The next step is repetition. Play in front of people as much as possible. Play for your significant other or roommates. Play your kids a bedtime song. Set up a warm up gig. Have a bbq for friends and family. Sit on a park bench with an acoustic. Whatever it is you need to do to con people into watching you practice your art do it. Performing takes practice just like locks and chords.
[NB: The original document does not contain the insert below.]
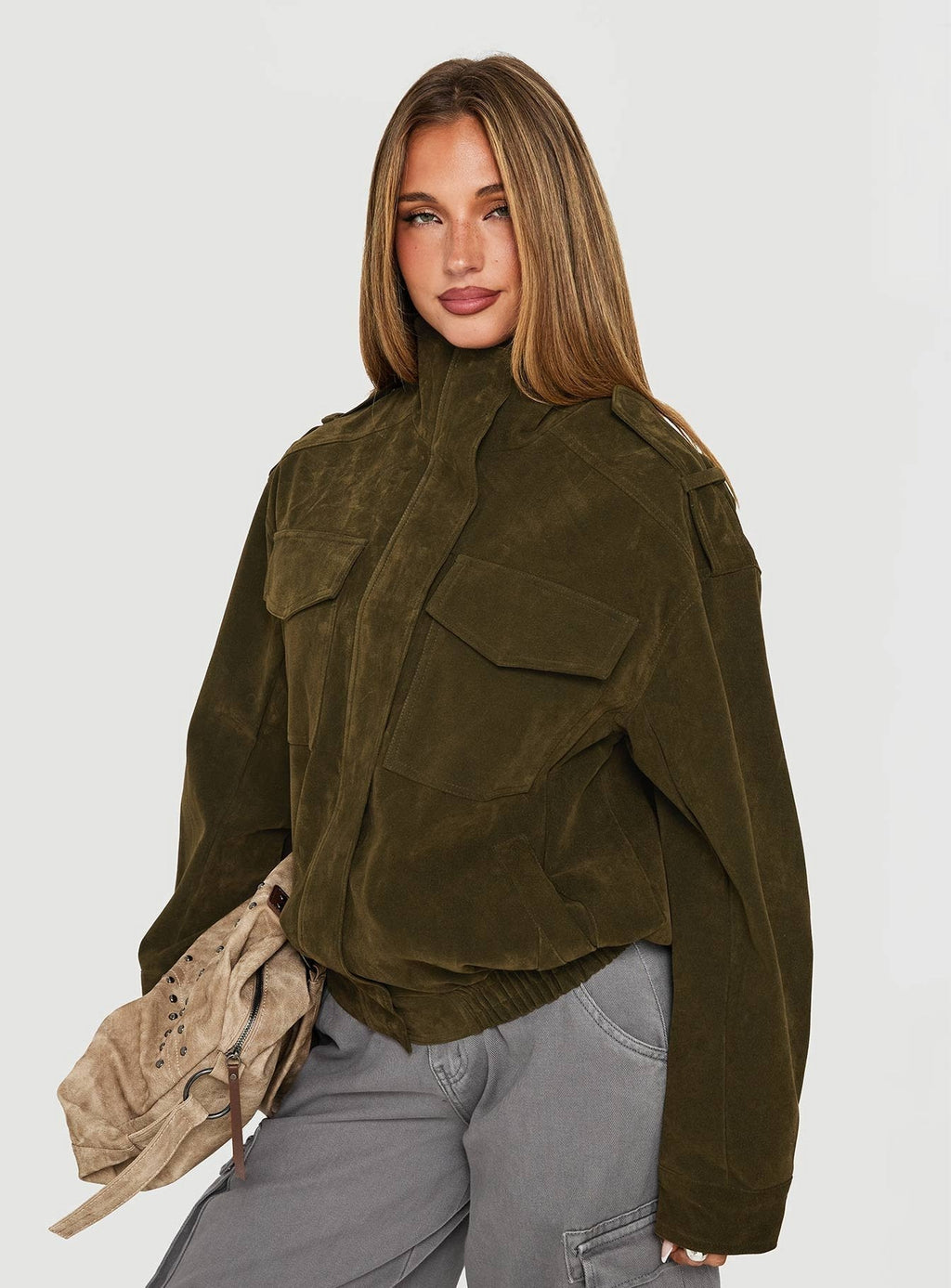 Double Life Funnel Neck Cargo Jacket Olive Green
Third remember this is a performance. Your stage persona doesn’t have to be completely genuine. Be whoever you want to be out there. Wear something different than your street close to get you in the performance mindset. When on a stage in our mind everything we do is magnified, but for the audience it is exactly the opposite. No one is paying nearly as much attention to you as you are. So don’t be afraid of going for it. Be over the top. Believe me a confident failure looks way more like success to the audience than insecure mediocrity.
 

GCDEF

Supporting Member
Messages
27,640
I wouldn't take any of the advice that involves chemicals or intoxicants. If you get high, you'll get sloppy and if you get sloppy, you'll lose confidence. If you lose confidence, you'll get more nervous.
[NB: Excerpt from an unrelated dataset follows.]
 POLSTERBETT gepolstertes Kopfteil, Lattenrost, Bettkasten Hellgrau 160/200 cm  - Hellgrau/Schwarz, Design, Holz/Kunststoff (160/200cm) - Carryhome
I can't tell you how to do it, but you need to teach your brain to process nerves as nervous excitement.

Another thing that's really important to me is good stage sound. If the mix is bad where I'm standing, I tend to focus on or worry about the mix, rather than playing. Again though, you need to develop the mindset of you're going to be having a lot of fun. People look to the band as entertainment and the life of the party, not for note for note musical perfection.
 

Suave Eddie

Member
Messages
10,997
How do you guys deal with stage fright? And please don’t say a swig of Jack Daniels or Xanax!

For 20 years I was able to play in front of audiences, even large ones. One time about 10 years ago I was playing a guitar solo with an audience of about 200 and they put the spotlight on me and BAM, instant MAJOR panic attack! Like I thought I was going to pass out type of attack.
From that point on Ive really struggled with stage fright. Even playing in front of a few people really triggers it...but it’s strange, I’d have to be on a stage to have panic...I resorted to taking a small hit of Xanax but I can’t anymore due to a medical issue.
Any ideas what to do to avoid getting extreme panic on stage?
Does the stage fright/panic mode continue throughout the performance, or is just initially and smooths out after you get going?
 

Jon Silberman

10Q Jerry & Dickey
Silver Supporting Member
Messages
40,854
Reframe your fear as excitement. This simple cognitive behavioral strategy has been proven by neuroscientists and pyschologists to be remarkably effective.
I can't tell you how to do it, but you need to teach your brain to process nerves as nervous excitement.
OP, this is how (you can easily find many more helpful videos and articles but this will get you started):

 

mjross

Member
Messages
2,240
I wouldn't take any of the advice that involves chemicals or intoxicants. If you get high, you'll get sloppy and if you get sloppy, you'll lose confidence. If you lose confidence, you'll get more nervous.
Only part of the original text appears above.